Method for processing the results of cavitation tests of TNA pumps in order to obtain an approximating function

Автор: Torgashin A.S., Zhujkov D.A., Nazarov V.P., Begishev A.M.

Журнал: Siberian Aerospace Journal @vestnik-sibsau-en

Рубрика: Aviation and spacecraft engineering

Статья в выпуске: 3 vol.23, 2022 года.

Бесплатный доступ

When designing rocket engines, the problem of providing the specified basic design parameters is solved. In connection with the increase in requirements for products of rocket and space technology, the requirements for ensuring the energy efficiency of all its constituent elements are also increasing. As a rule, the task of increasing the energy characteristics of a rocket engine is carried out by increasing the pressure in the combustion chamber and the rotational speed of the turbopump shaft.

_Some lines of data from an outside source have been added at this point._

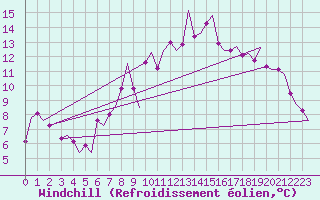 Courbe du refroidissement olien pour Farnborough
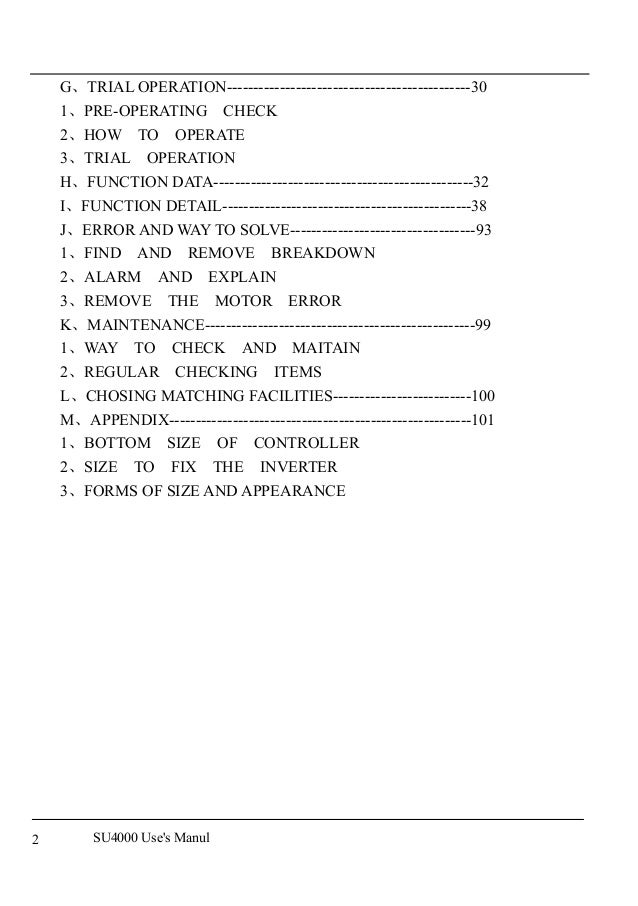 SU4000 AC Drives_Frequency inverter manual (1)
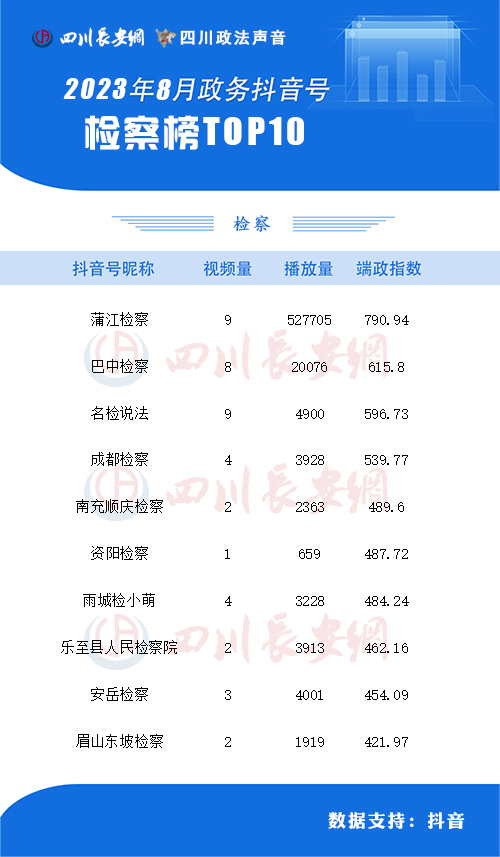 检察榜8月 拷贝.jpg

An increase in the rotational speed of the shaft of a turbopump unit requires the provision of a cavitation-free operation of the pump with the absence of cavitation breakdown. This problem can be solved in various ways: by constructive improvement of the pump or by increasing the pressure parameter at the pump inlet. However, too much increase in inlet pressure is not possible, as this will increase the thickness of the walls of the rocket's fuel tanks and a corresponding increase in the mass of the entire rocket. Turning on the screw, although it does not guarantee cavitation-free operation at any inlet pressure, is the most preferred method. The geometry of the bore part of both the screw prepump and the pump blades is designed to ensure non-cavitational operation. When designing, at the stage of experimental testing of pump modes, it is pos-sible to use the methods of computational fluid dynamics (Computational Fluid Dynamics, CFD). These methods are used in various areas of general engineering and have proven themselves well. However, the rocket motor pump has a high pressure drop with relatively small dimensions. The question arises of adapt-ing CFD methods to modeling cavitation tests. This work is aimed at deriving a function approximating the TPU test data set with a view to its further adaptation for CFD methods.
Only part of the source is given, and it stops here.